Tucker was originally selected as the serial's director, but the task was assigned to Hussein following Tucker's departure from production.[20] Some of the pre-filmed inserts for the serial, shot at Ealing Studios in September and October 1963,[29] were directed by Hussein's production assistant Douglas Camfield.[30] The first version of the opening episode was recorded at Lime Grove Studios on the evening of 27 September 1963, following a week of rehearsals. However, the recording was bedevilled with technical errors, including the doors leading into the TARDIS control room failing to close properly. After viewing the episode, Newman ordered that it be mounted again. During the weeks between the two tapings, changes were made to costuming, effects, performances, and scripts.[21][b] The second attempt at the opening episode was recorded on 18 October, with the following three episodes being recorded weekly from 25 October to 8 November.[20]

Themes and analysis

Scholar Mark Bould discusses how the serial establishes Doctor Who's socio-political stances in his 2008 essay "Science Fiction Television in the United Kingdom". He writes, "The story represents the separation/reunion, capture/escape, pursuit/evasion that will dominate the next twenty-six years, as well as the program's consistent advocacy of the BBC's political and social liberalism." He cites Ian and Barbara's attempt to teach a cavewoman kindness, friendship and democracy, writing "a tyrant is not as strong as the whole tribe acting collectively".[32] Scholar John R. Cook reflected in 1999 that the presence of teachers as companions echoes Doctor Who's original educational remit.[33] The New Scientist noted, in 1982, that the serial was set in the Stone Age because the show's original intention was "to bring to life the Earth's history".[34]

Lawrence Miles and Tat Wood argue that the cavemen's focus on fire is meant to stand in for all technology, thus linking the latter three episodes with the questions of generational change raised by the first episode and its focus on suspicion of children, and tying that to a discussion of technological progress, including the nuclear bomb. They also argue that, contrary to the tendency to treat the story as a one-episode introduction to the series followed by "three episodes of running around and escaping" that the piece should be considered as a single, dramatic whole that is "about making four people who barely know one another learn to trust each other".[35]


Broadcast and ratings

EpisodeTitleRun timeOriginal air dateUK viewers
Appreciation Index
1"An Unearthly Child"23:2423 November 19634.463
2"The Cave of Skulls"24:2630 November 19635.959
3"The Forest of Fear"23:387 December 19636.956
4"The Firemaker"24:2214 December 19636.455

The first episode was transmitted at 5:16 p.m. on Saturday 23 November 1963. The assassination of John F. Kennedy the previous day overshadowed the launch of a new television series;[36] as a result, the first episode was repeated a week later, on 30 November, preceding the second episode.[36] The first episode was watched by 4.4 million viewers (9.1% of the viewing audience), and it received a score of 63 on the Appreciation Index;[36] the repeat of the first episode reached a larger audience of six million viewers.[31] Across its four episodes, An Unearthly Child was watched by an average of 6 million (12.3% of potential viewers).[36] Episodes 2–4 achieved ratings of 5.9, 6.9 and 5.4 million viewers, respectively.[31] Mark Bould suggests that a disappointing audience reaction and high production costs prompted the BBC's chief of programmes to cancel the series until the Daleks, introduced in the second serial in December 1963, were immediately popular with viewers.[37]

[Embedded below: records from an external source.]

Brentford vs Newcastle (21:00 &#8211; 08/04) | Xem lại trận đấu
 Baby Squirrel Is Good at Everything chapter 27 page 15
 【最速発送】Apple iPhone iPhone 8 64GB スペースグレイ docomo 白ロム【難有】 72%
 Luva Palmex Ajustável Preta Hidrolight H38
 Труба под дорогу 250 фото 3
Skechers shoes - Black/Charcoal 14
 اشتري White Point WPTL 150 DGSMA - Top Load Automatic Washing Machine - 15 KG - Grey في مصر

The serial has been repeated twice on the BBC: on BBC2 in November 1981, as part of the repeat season The Five Faces of Doctor Who, achieving average audience figures of 4.3 million viewers;[c] and on BBC Four as part of the show's 50th anniversary on 21 November 2013, achieving an average of 630,000 viewers.[d]

Critical response

The serial received mixed reviews from television critics. Michael Gower of the Daily Mail wrote a short favourable review of the first episode, claiming that the ending "must have delighted the hearts of the Telegoons who followed". A reviewer in the Daily Worker stated that they "intend following closely" to the show, describing the ending as "satisfying". Variety felt that the script "suffered from a glibness of characterisations which didn't carry the burden of belief", but praised the "effective camerawork", noting that the show "will impress if it decides to establish a firm base in realism". After the second episode, Mary Crozier of The Guardian was unimpressed by the serial, stating that it "has fallen off badly soon after getting underway". She felt that the first episode "got off the ground predictably, but there was little to thrill", while the second was "a depressing sequel ... wigs and furry pelts and clubs were all ludicrous". Conversely, Marjorie Norris of Television Today commented that if the show "keeps up the high standard of the first two episodes it will capture a much wider audience".[39]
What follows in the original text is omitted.